Born: August 15, 1947; Kewanee, IL
Coached For: Marquette High School (1977-2009)
By Steve Porter
The first year Greg DeCourcey guided the Alton Marquette Catholic High baseball program gave little indication what was in store for the Explorers. He was 30 years old and the Explorers were just as green.
They finished 8-13 in 1976-77. Yet something was bubbling beneath the surface. A rapid rise was on the way, one that would forever change the face of Marquette baseball. And, DeCourcey was in the middle of a successful evolution that revolutionized the program. It’s no wonder the longtime Marquette coach, whose teams compiled a 641-351 record during his 33 seasons as head coach, is one of the newest members of the St. Louis Sports Hall of Fame.
Two state titles and a runner-up spot within eight years solidified the Explorers’ prowess as a small-school state baseball power. Marquette won 20 games in 1978 and qualified for the IHSA Class A state baseball finals in Springfield. The Explorers then won 22 games in 1979 before setting course for a memorable 1980s. They had started something big. “We had great athletes who were great kids,” said DeCourcey, who began teaching physical education/health and coaching football at Marquette in 1972. He eventually became an assistant principal.

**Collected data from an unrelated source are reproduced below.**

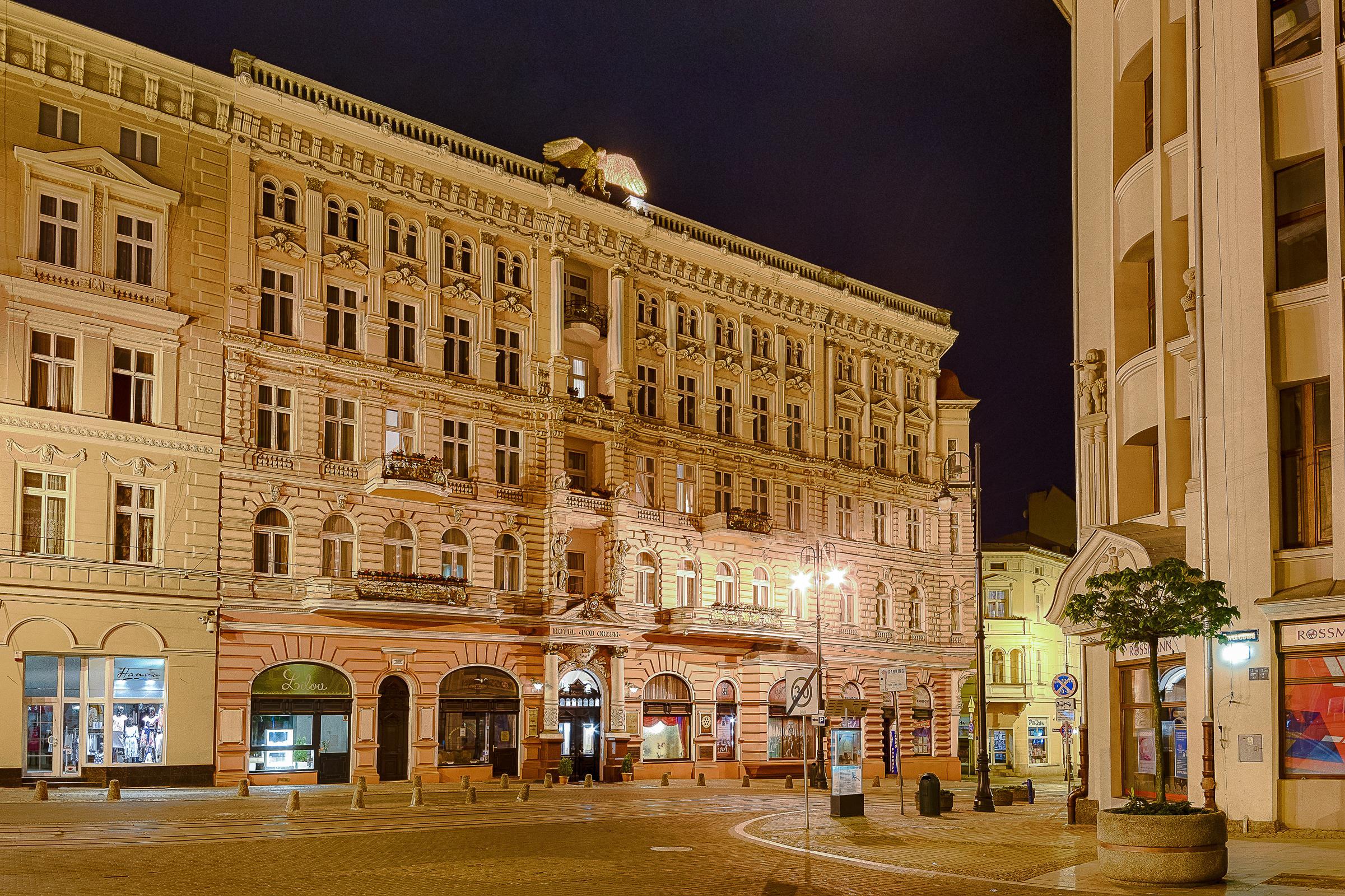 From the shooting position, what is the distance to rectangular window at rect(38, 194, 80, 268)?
3700 centimetres

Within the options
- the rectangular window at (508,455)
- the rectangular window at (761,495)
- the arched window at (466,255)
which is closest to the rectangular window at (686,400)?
the rectangular window at (761,495)

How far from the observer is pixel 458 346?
46938 mm

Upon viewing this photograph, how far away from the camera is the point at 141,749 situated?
37500 mm

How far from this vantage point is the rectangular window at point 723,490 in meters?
54.9

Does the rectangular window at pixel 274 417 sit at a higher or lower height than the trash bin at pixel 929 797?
higher

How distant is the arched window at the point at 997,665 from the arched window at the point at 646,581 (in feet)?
100

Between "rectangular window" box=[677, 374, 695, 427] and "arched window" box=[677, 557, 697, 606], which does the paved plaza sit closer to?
"arched window" box=[677, 557, 697, 606]

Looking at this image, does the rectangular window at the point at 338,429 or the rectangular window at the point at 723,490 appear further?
the rectangular window at the point at 723,490

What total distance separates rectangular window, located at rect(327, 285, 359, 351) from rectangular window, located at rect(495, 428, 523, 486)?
625 cm

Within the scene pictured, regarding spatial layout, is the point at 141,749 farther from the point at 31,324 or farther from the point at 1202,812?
the point at 1202,812

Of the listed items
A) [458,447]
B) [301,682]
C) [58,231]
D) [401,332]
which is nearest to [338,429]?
[401,332]

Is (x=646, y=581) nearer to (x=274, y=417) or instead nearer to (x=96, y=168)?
(x=274, y=417)

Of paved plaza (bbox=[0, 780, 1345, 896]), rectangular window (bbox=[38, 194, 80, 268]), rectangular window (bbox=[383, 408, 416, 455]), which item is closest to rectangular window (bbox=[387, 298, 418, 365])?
rectangular window (bbox=[383, 408, 416, 455])

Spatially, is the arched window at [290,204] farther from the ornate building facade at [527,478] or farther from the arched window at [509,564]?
the arched window at [509,564] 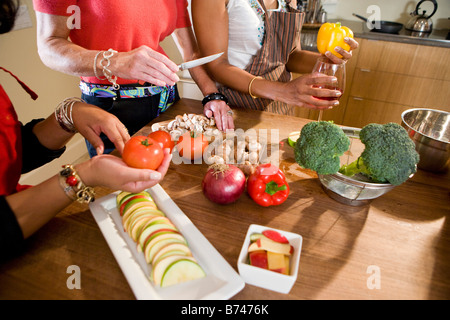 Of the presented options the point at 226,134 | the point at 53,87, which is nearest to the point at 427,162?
the point at 226,134

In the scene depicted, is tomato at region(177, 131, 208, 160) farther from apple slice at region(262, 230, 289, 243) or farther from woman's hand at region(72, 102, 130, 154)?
apple slice at region(262, 230, 289, 243)

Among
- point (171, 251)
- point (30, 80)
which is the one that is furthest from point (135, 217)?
point (30, 80)

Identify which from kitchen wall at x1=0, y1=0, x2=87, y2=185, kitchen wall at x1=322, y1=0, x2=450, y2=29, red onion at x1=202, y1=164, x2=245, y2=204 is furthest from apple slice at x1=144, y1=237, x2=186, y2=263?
kitchen wall at x1=322, y1=0, x2=450, y2=29

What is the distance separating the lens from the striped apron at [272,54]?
1.51 m

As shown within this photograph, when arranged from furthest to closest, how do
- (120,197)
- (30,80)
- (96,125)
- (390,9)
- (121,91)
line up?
(390,9) → (30,80) → (121,91) → (96,125) → (120,197)

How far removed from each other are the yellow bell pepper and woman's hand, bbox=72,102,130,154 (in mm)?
844

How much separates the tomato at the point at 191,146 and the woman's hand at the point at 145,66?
23cm

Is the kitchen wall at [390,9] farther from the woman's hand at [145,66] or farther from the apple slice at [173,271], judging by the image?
the apple slice at [173,271]

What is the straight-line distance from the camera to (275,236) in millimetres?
743

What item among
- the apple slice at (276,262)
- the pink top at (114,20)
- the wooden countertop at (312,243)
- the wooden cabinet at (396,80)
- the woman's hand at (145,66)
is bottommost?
the wooden cabinet at (396,80)

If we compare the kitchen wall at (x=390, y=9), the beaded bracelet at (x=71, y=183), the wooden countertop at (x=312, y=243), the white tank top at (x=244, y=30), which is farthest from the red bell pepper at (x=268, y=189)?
the kitchen wall at (x=390, y=9)

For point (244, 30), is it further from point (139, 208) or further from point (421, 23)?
point (421, 23)

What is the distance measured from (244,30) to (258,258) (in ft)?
4.01

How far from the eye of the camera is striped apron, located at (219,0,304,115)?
151cm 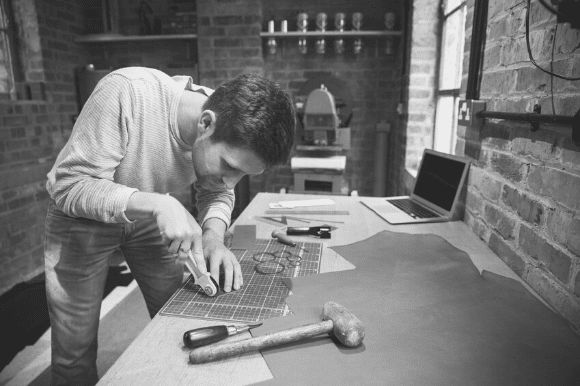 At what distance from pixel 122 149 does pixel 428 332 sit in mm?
907

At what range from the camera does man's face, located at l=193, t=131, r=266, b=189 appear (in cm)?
105

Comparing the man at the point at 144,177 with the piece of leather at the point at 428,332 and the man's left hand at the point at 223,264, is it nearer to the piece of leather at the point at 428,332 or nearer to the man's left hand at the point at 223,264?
the man's left hand at the point at 223,264

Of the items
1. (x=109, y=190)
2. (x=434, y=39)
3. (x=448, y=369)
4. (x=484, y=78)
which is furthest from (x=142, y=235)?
(x=434, y=39)

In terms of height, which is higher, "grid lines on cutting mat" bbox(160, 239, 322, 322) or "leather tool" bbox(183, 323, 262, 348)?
"leather tool" bbox(183, 323, 262, 348)

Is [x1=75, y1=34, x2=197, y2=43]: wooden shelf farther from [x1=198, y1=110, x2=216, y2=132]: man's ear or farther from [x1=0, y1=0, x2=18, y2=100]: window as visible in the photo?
[x1=198, y1=110, x2=216, y2=132]: man's ear

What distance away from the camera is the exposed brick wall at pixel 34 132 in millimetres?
2809

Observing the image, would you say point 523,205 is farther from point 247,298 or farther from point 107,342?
point 107,342

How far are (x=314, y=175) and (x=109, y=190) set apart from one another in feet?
6.95

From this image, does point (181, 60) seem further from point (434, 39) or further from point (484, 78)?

The 1980 Explorers finished 31-5 and claimed the small-school state championship with an 8-7 victoryover heavily favored Mount Carmel, the Class AA state runner-up in 1979. Marquette overcame a 7-4 deficit to win the first Illinois title in school history. Outfielders Pat, Dan and Steve Morrissey, shortstop Ross Brakeville, third baseman Chuck Mathews, along with pitchers Tim Harrawood and Ned Schulz, led a talented and diverse cast to the Explorers’ first state title in any sport. Harrawood, a right-hander, and Schulz, a lefty, both posted 11-1 records. Pat Morrissey went 5-for-9 and scored seven runs in three games to earn the state tourney’s MVP award.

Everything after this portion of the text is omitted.